▶ [Data]

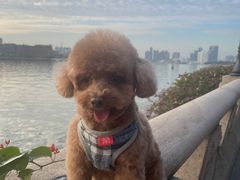 -芭比堂动物医院广州顽皮分院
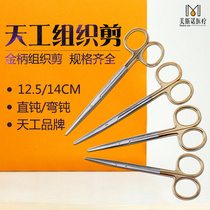Shanghai Zhengxian Tianjin Handle with fine tissue cutting round head cutting and cosmetic plastic medicine 14cm nose scissors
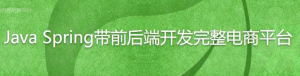 spring高效开发电商网站前后台-干货网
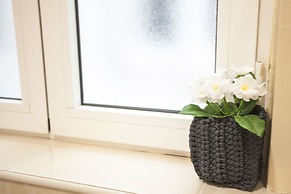 Central & Cosy Apartment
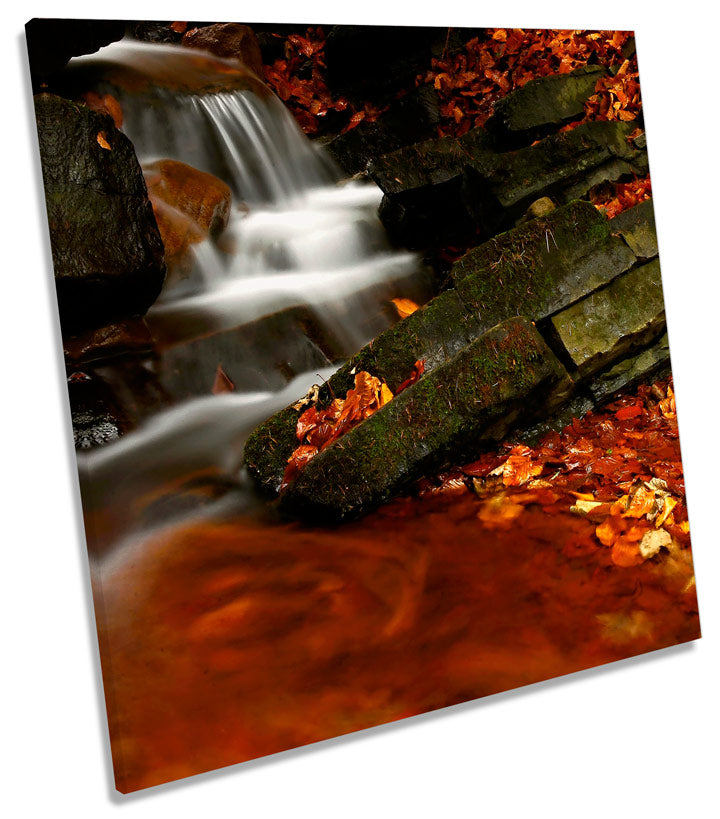 Autumn Stream Forest Landscapes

▶ [Requirement] Your copy should match the records above exactly, apart from the pictures, which stay out.

▶ [Result of this exercise]
 -芭比堂动物医院广州顽皮分院
Shanghai Zhengxian Tianjin Handle with fine tissue cutting round head cutting and cosmetic plastic medicine 14cm nose scissors
 spring高效开发电商网站前后台-干货网
 Central & Cosy Apartment
 Autumn Stream Forest Landscapes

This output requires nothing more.